**WHAT TO PRODUCE**
Tally how many lines in the data below include "Easy", then please reply with only that figure.

**SOURCE RECORDS**

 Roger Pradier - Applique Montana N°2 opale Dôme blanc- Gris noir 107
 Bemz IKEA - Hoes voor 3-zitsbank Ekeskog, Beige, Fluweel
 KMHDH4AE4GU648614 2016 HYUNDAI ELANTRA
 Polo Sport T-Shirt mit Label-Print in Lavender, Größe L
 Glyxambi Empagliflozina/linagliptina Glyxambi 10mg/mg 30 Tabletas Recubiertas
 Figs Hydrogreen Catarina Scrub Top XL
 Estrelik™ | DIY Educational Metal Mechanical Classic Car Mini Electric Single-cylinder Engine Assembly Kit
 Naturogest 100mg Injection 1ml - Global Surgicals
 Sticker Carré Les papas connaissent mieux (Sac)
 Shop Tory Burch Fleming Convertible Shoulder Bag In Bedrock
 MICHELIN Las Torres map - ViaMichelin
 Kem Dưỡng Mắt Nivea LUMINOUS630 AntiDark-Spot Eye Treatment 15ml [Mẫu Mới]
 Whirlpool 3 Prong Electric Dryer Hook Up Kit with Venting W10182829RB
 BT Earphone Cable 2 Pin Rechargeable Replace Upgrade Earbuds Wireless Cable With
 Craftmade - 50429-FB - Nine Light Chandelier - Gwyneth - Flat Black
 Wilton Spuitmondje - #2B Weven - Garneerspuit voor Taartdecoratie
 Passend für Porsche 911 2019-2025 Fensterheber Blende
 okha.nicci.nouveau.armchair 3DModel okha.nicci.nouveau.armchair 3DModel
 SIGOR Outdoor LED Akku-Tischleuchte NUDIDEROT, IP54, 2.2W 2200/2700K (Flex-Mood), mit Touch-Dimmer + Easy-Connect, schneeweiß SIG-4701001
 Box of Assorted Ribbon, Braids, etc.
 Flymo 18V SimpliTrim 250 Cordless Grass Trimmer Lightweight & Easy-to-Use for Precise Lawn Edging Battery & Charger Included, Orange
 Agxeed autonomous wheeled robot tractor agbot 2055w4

**RESULT OF THE TASK**
2